Member of Grand National Assembly of Turkey
- In office July 2007 – June 2015

Personal details
- Born: 12 December 1972 (age 53) Van Province
- Party: Justice and Development Party
- Children: 1
- Alma mater: University of Ankara
- Profession: Archeologist, Politician

= Gülşen Orhan =

Turkish politician (born 1970)

Gülşen Orhan Hanım (born December 12, 1970, in Van, Bahçesaray) is an archeologist and Turkish politician. She is a former member of the Grand National Assembly of Turkey and the Chief advisor to the President of the Republic of Turkey.

==Education==
She completed her primary and secondary education in Van Province. She graduated from the University of Ankara, Faculty of Language, History and Geography, Department of Archeology.

==Political career==
In 2007, she was elected the 5th candidate from the Justice and Development Party for Van as one of the 23rd term deputies of the Grand National Assembly of Turkey.

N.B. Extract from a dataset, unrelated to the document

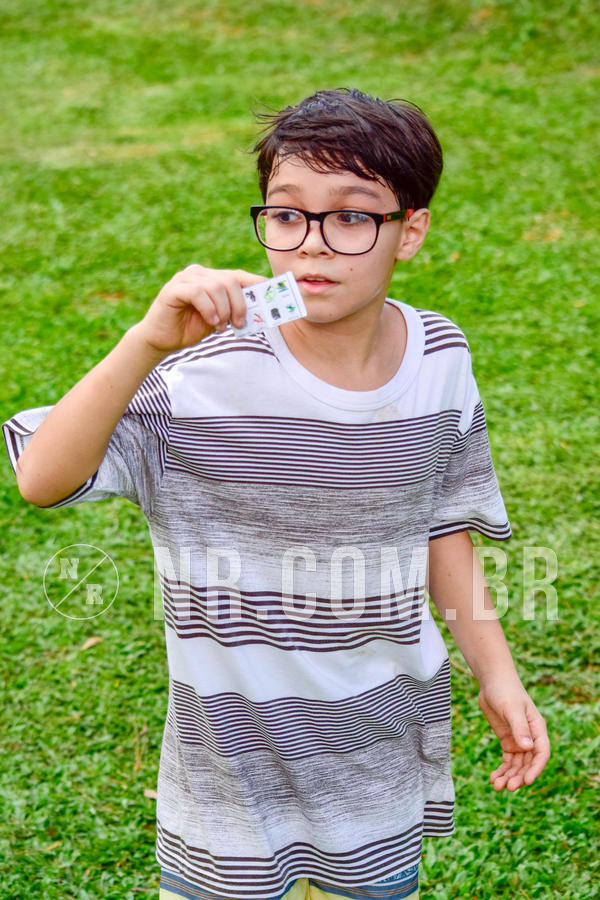 Buy your photos of the eventNR1 - Ol� 6� Ano 14 a 17/10/18 on Fotop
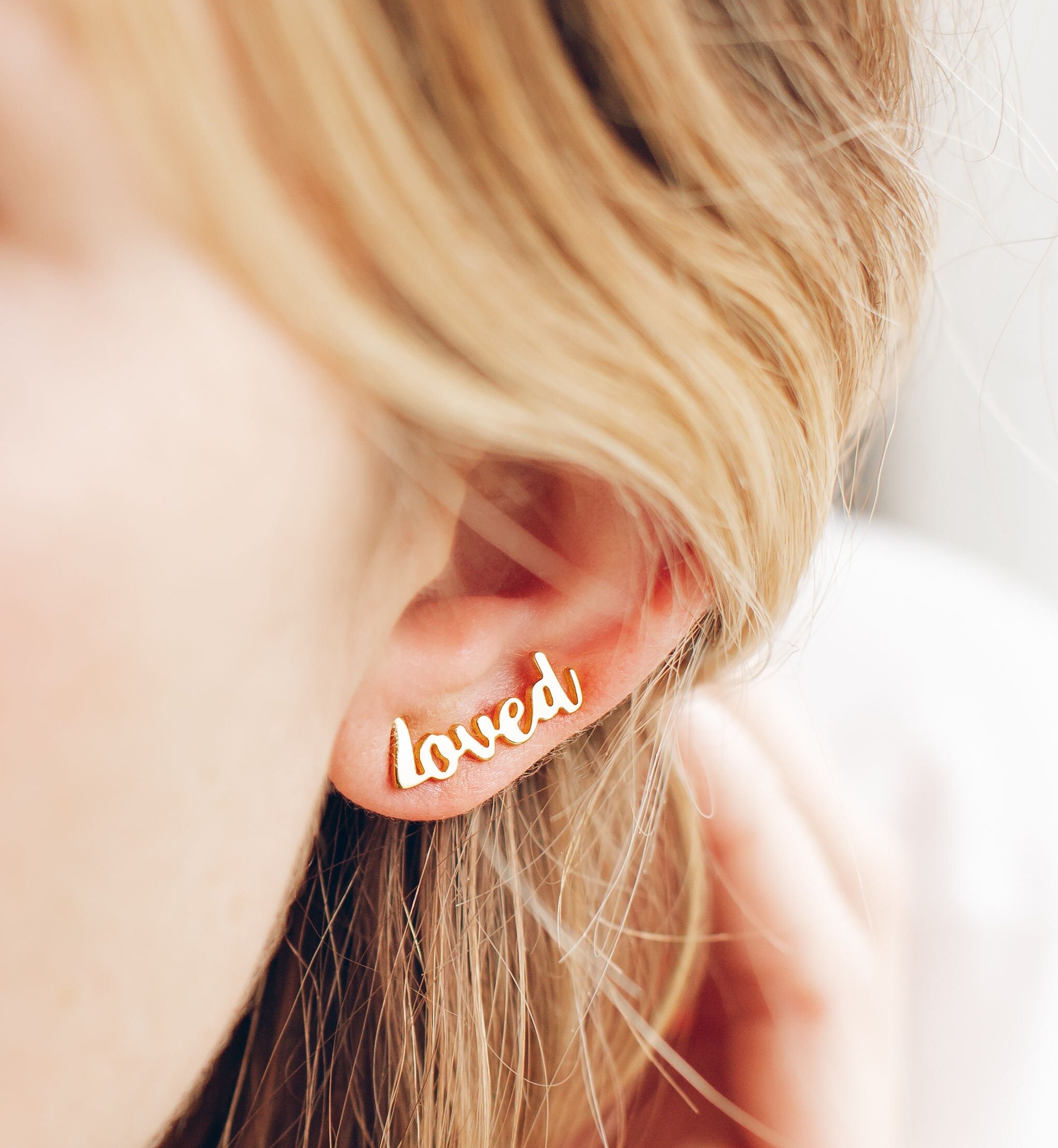 Porta Abiti Doppio Senso 6 Teste Bambù Naturale - Mobiletti - Foto 2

In 2014, She was attacked during a visit to citizens who voted in Müslih Görentaş Primary and Secondary School in Süphan District of Edremit by opposition party supporters during the Presidential voting process in the election centers in Van during the 2014 presidential election.

She was reelected in 2011 and served as the 24th term deputy for Van Province until 2015.

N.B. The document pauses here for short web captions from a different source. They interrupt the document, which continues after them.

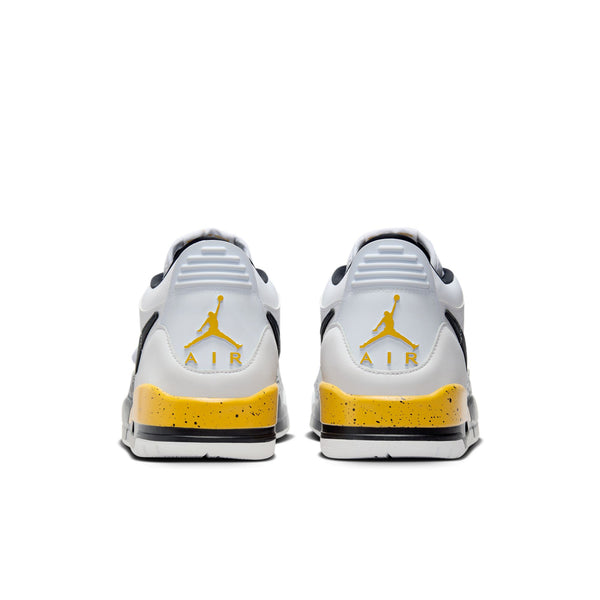 Nike - Air Jordan Legacy 312 Low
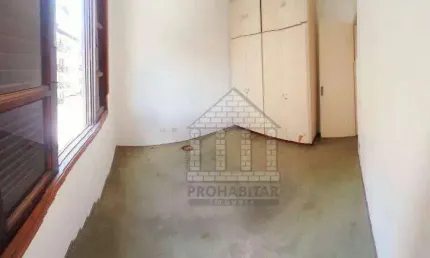 Apartamento com 2 quartos à venda em vila do castelo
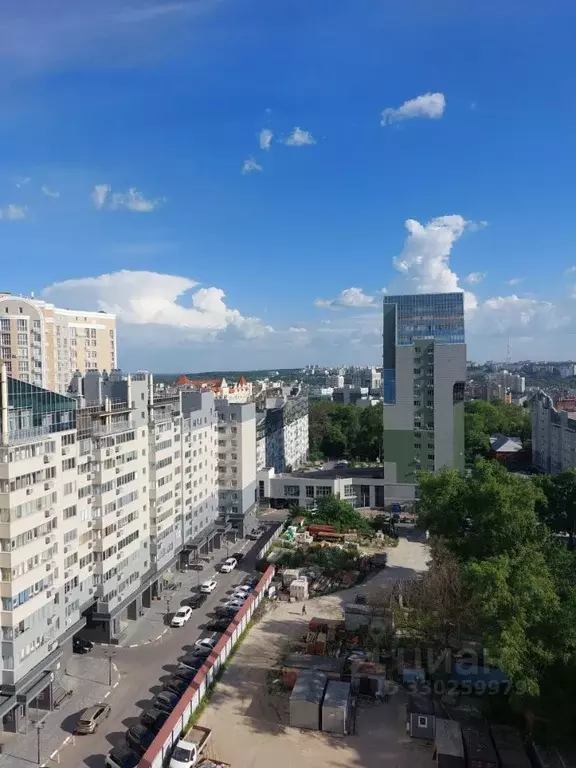 Студия Белгородская область, Белгород просп. Богдана Хмельницкого, 78А ... - Фото 1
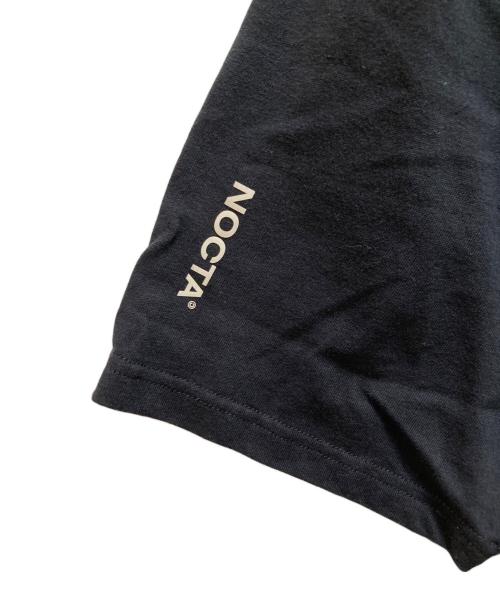 NIKE（ナイキ）NIKE (ナイキ) NOCTA (ノクタ) KAR (カー) コラボラートドロトモビル バロウ Tシャツ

She also served as the general secretary of the Türkiye-Iraq Parliamentary Friendship Group. She speaks Kurdish, English and Persian.

==Family==
She is the daughter of former Bahçesaray (district) Mayor Naci Orhan, and a sister to six siblings, two sisters and four brothers. She got married and gave birth to her only child after high school. Her husband, Abdulmevla Orhan is a civil engineer who died in a car accident in the ninth year of their marriage.